O texto dizia que “com Deus foi lançada a pedra fundamental do martírio de São Cristóvão”, e trazia algumas informações de datas e nomes de autoridades da época — entre elas, o imperador romano Teodósio 2º (401-450).
Isso permitiu duas conclusões, segundo os estudiosos. A primeira delas, e mais importante, era a comprovação histórica da existência desse santo, sobre quem pouco se sabe. Ou, ao menos, a comprovação de que a veneração a sua memória é algo extremamente antigo dentro da história do cristianismo.
Em entrevista à BBC News Brasil, o escritor e teólogo J. Alves, pesquisador de história de santos, diz que embora “não haja consistência histórica” para comprovar que Cristóvão “tenha de fato existido”, ao mesmo tempo “não se pode negar sua existência” naqueles primeiros séculos do cristianismo. Alves é autor de, entre outros livros, Os Santos de Cada Dia (Editora Paulinas).

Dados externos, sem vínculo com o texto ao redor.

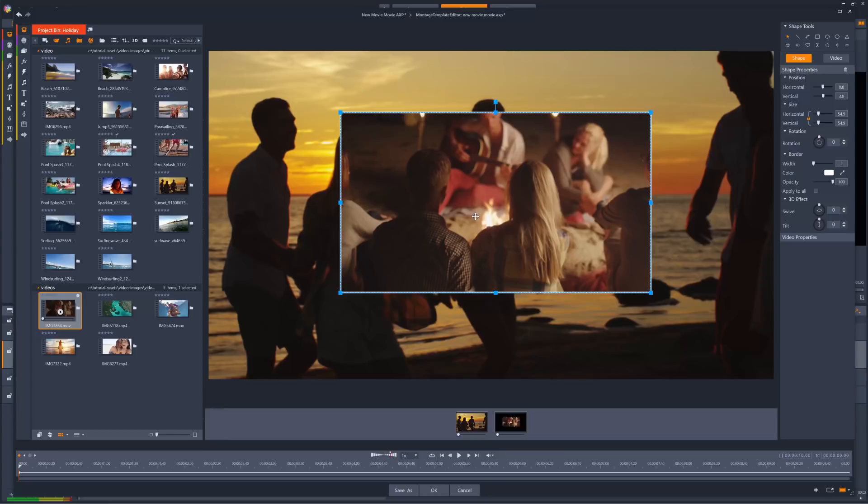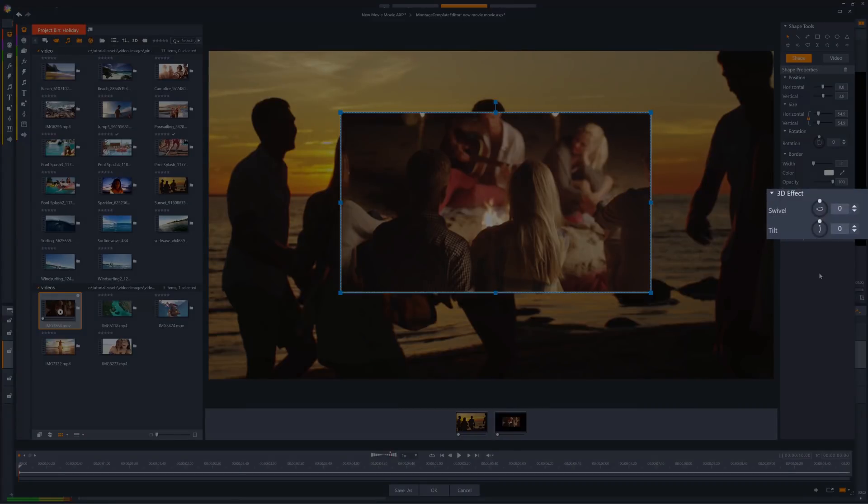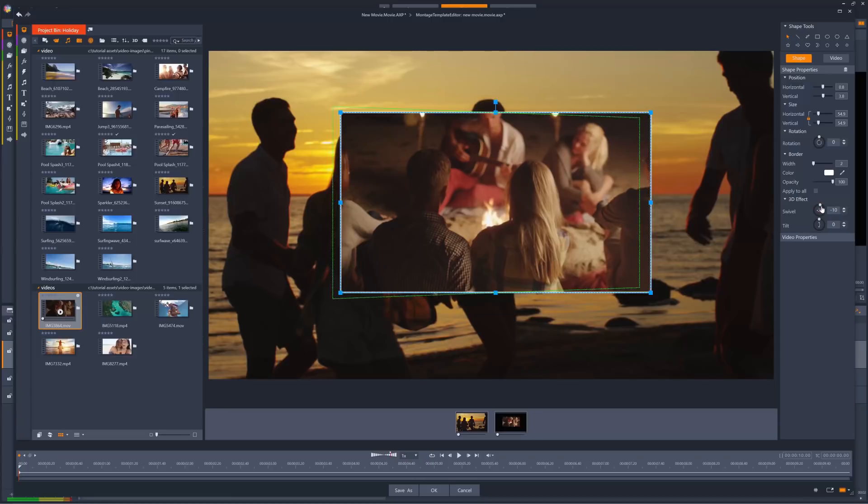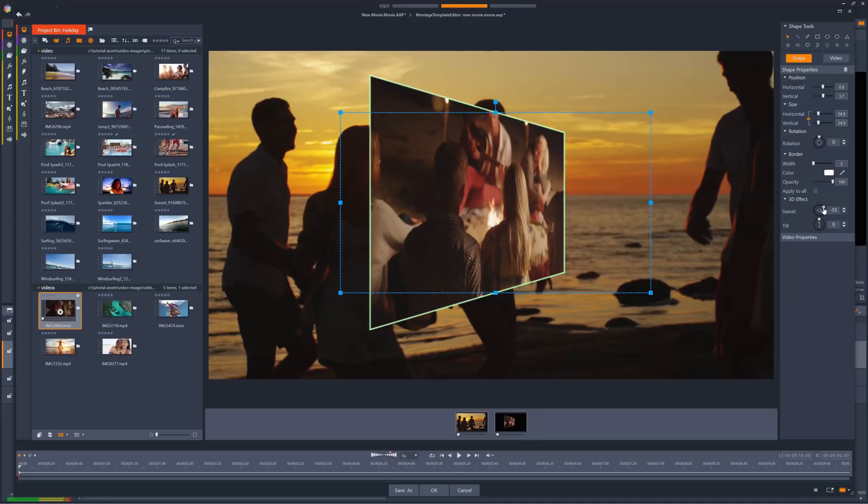When creating shapes rather than lines as our split screen delineators, we can see we have a couple of extra controls, swivel and tilt. Swivel rotates the shape vertically along what we call the z-axis, along with the associated video clip, whilst tilt rotates it horizontally.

“O fato de ser venerado ao longo dos tempos como grande mártir impulsionou narrativas edificantes na Idade Média, misturando lendas e realidades”, comenta ele.
Fato é que seu nome sobreviveu aos séculos e, mesmo sem muitas informações biográficas a respeito dele, São Cristóvão seguiu sendo um santo muito popular entre os devotos.
Como ele é considerado o padroeiro dos motoristas, é comum que paróquias — sobretudo em cidades do interior — organizem anualmente uma carreata que culmina com o padre aspergindo água benta sobre carros e seus condutores.
É comum também que motoristas católicos carreguem um santinho — pequeno folheto impresso com a imagem do santo de um lado e uma oração do outro — em honra a ele na carteira, geralmente junto com o documento de habilitação.
Segundo Alves, a popularização da fama do santo pode ser atribuída ao fato dele ter sido incluído na Legenda Aurea, conjunto de narrativas hagiográficas reunidas por volta de 1260 pelo arcebispo de Gênova, Jacopo de Varazze (1229-1298).
Isto porque, explica o escritor, o documento foi “traduzido em vários idiomas e largamente difundido dentro e fora da Europa, contribuindo fortemente para a propagação do culto dos santos, por meio de exemplos edificantes extraídos de suas vidas”.
“[O trabalho de Varazze] tornou-se a base da religiosidade popular que permanece até nossos dias”, contextualiza Alves.
Também estudioso da vida de santos, o professor Thiago Maerki, associado da Hagiography Society, dos Estados Unidos, cita uma outra fonte além do compilado do século 13.
“Existe um texto chamado ‘Atos de São Cristóvão’, escrito originalmente em latim e datado do século 7. É o texto mais antigo conhecido sobre a vida de São Cristóvão”, comenta ele, em entrevista à BBC News Brasil.
“Mas ele ficou mais conhecido por meio da famosa Legenda Aurea. Aí que sua história acaba recuperada e passou a se tornar muito forte durante a Idade Média.”
O cruzamento de informações de diversas lendas supõe que Cristóvão tenha nascido ou na Líbia ou onde hoje fica Israel. E tudo indica que ele tenha sido morto, martirizado, em 251, na Anatólia, hoje Turquia. Foi na época do governo do imperador romano Décio (201-251). Segundo o pesquisador Alves, as lendas também permitem inferir que ele teria vivido na Síria.
Maerki diz que, nos textos hagiográficos, Cristóvão era descrito “como um homem de aparência sombria”.
“Consta que ele ingressou ao exército imperial e, convertido ao cristianismo, anunciou sua fé aos companheiros soldados. Esta revelação fez com que ele passasse a ser submetido a inúmeras torturas”, narra o professor.
“Segundo antigas tradições, Cristóvão era um homem de grande estatura e dotado de grande força física”, pontua Alves. Tinha ele “mania de grandeza” e gostava de se vangloriar porque “servia o maior e mais poderoso rei da Terra”.
A conversão teria se dado a partir dessa história. Aquele soldado acabaria “descobrindo”, em sua fé, que o tal maior rei da Terra não era “nem o imperador romano, nem Satanás”. “Mas Jesus Cristo”, diz Alves.
Depois de batizado e “instruído na fé”, ele passou a ser perseguido pelos soldados e, contam as lendas, acabaria tendo de se refugiar “às margens de um rio de águas revoltas”.